As @pervect pointed out, this won't make much difference in terms of the response of A and B to a gravitational wave, because for this purpose the Earth has negligible rigidity. So if we just consider the gravitational wave, without taking into account any other effects, A and B will move the same.

The reason why A is isolated in LIGO is because there are other effects--all kinds of other things that make the Earth vibrate, such as earthquake tremors and other seismic effects, vibrations due to passing cars and trucks, etc., etc. All of these things will make B move in ways that have nothing to do with a gravitational wave; but if A is isolated well enough, it won't respond to any of these things so the signal we obtain from it will be much closer to the "pure" signal we would get from a gravitational wave alone.

 

[timmdeeg]

@pervect, @Ibix and @PeterDonis , thanks for clarifying this question. I was underestimating the rigidity issue totally, so I should forget the idealization I mentioned above.

 

[pervect]

I think I've said this before, but we can rephrase the question in terms of a rigid framework rather than the Earth, if that's your intent. Our first question must be - does a rigid framework actually exist? I believe the answer is "yes, to a reasonable degree of approxiation", though I haven't seen discussed in a peer reviewed paper. When I talk about 'reasonable degree of approximation", one of the things I'm assuming is that if first order effects are on the order of 10^-20, then second order effects are on the order of 10^-40, so we can ignore them. So we're talking about a weak field. The second question we have to ask is "how big is our framework"? It turns out according to my analsyis (and this seems to match with other staetments I've read) that the ciritical dimension of the framework is how long it is in the direction of propagation of the GW. The dimension that's perpendicular to the direction of propagation can be quite large by my calculations, but not infinite. (Again, these are my personal alculations, not peer reviewed).
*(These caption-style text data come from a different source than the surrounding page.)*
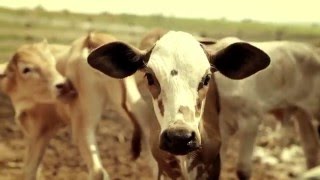 O TERROIR DA REGIÃO DO QUEIJO DA CANASTRA  REGIÃO DO QUEIJO DA CANASTRA [upl. by Yehudi244]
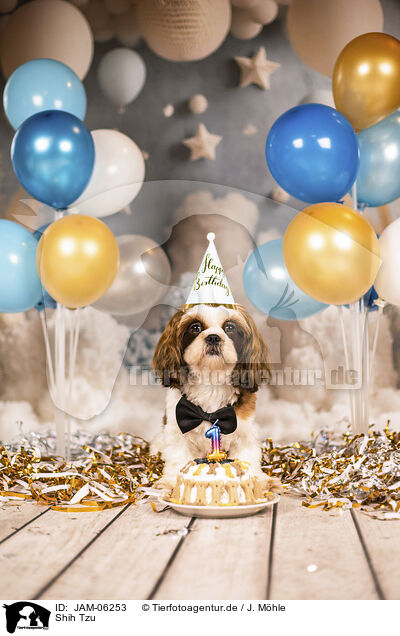 Shih Tzu / Shih Tzu / JAM-06253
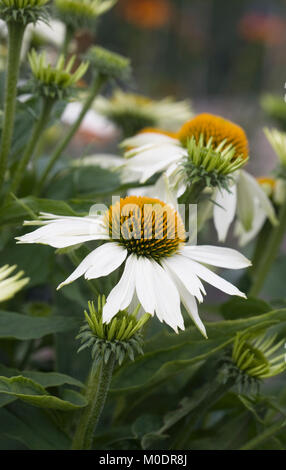 Echinacea purpurea 'white' Sentiment de fleurs. Banque D'Images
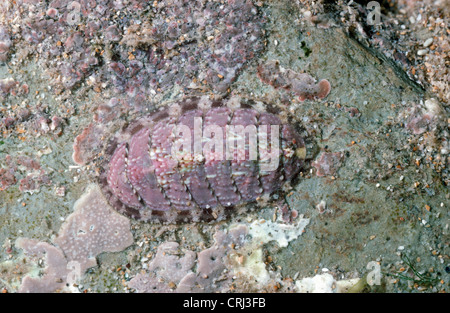 Common chiton (Lepidochitona cinerea Ischnochitonidae) in a rockpool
The techniques I used to convince myself that a rigid framework exists were to consider whether a Born-rigid congruence existed within the desired (first-order) accuracy limits. I used the criterion of vanishing shear and expansion to determine rigidity (but one could also use techniques based on the Lie derivative of the spatial projection of the metric tensor). In a plane perpendicular to the GW, we can cover a very large region before we see signficant deviations from rigidity - but if we consider a 3d spatial volume, we start to see effects of linear order in the direction of propagation of the GW, so the approach requires us to consider a "thin" plane whose thickness is negligible compared to the wavelength of the GW.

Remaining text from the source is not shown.